22e xbre 1770, à Ferney
Madame,
Ma passion commence à être un peu malheureuse.
Je ne sais plus de nouvelles ni de Vôtre M: I: ni de mon ennemi Moustapha. Tout ce que je puis fair cette fois cy, c’est de vous ennuier de mon petit commerce avec le Roi de la Chine vôtre voisin.
Je me suis imaginé que les pluies du mois de Décembre, la crainte de la peste et celle de la famine pouraient suspendre le cours de vos Conquêtes, et que Vôtre Majesté aurait peut être le tems de s’amuser d’une espèce de petite Enciclopédie nouvelle qui parait devers le mont Jura. Il y est parlé de Vôtre très admirable personne dès la page 17 du premier tome à propos de l’alphabet. Il faut que l’auteur soit bien plein de vous puis qu’il vous met partout où il peut.
Je ne sais pas quel est cet auteur, mais sans doute c’est un homme à qui vous avez marqué de la bonté, et qui doit parler de Vôtre Majesté au mot reconnaissance.
Il y a, dit-on, en France des gens qui trouvent celà mauvais, mais l’univers entier devrait le trouver bon, et si j’étais un peu vôtre victime j’en serais bien glorieux.
Il n’y a encor que trois volumes d’imprimés.

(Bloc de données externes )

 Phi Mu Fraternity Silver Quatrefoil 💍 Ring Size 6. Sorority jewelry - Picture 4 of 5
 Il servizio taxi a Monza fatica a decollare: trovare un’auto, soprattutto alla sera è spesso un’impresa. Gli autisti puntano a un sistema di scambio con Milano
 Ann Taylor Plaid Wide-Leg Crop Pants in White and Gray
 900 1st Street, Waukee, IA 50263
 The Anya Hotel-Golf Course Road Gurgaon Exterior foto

On les a envoiés par les voitures publiques à vôtre surintendant des postes avec l’adresse de Vôtre Majesté Impériale.
Je pris il y a quelques mois la liberté de vous envoier les placets de deux genevois pour une somme qu’ils répétaient d’un officier qui a été quelque tems à Genève, mais vous êtes bien persuadée que si j’ai cédé aux empressements des complaignants je n’ai pas voulu vous importuner pour une pareille bagatelle.

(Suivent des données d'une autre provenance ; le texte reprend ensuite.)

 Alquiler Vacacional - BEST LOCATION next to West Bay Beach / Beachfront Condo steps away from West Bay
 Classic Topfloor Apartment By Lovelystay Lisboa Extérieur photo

J’ai pris aussi la liberté de vous parler d’une fabrique de montres établie à Ferney, et de vous offrir ses services lorsque Vôtre Majesté en accordant la paix à Moustapha voudra lui faire la faveur de lui envoier une montre avec son portrait. Il poura trembler mais aussi il poura être attendri. En un mot, ma fabrique de montres est à vôtre service. Si j’étais jeune je la conduirais moi même à Saratof.
Le Roi de Prusse prétend qu’Ali-beg n’est point du tout Roi d’Egypte; c’est encor une raison pour faire la paix avec cette maudite puissance ottomane dont tant de gens prennent le parti. Je mourai certainement de douleur de ne vous pas voir sur le trône de Constantinople. Je sais bien que la douleur ne fait mourir que dans les romans, mais aussi vous m’avez inspiré une passion un peu romanesque, et il faut qu’avec une Impératrice telle que vous mon roman finisse nôblement. J’enporterai avec moy la consolation de vous avoir vue souveraine des deux bords de la mer Noire, et de ceux de la mer Egée.
Daignez agréer malgré toutes mes déclarations le très profond respect de L’hermite de Ferney.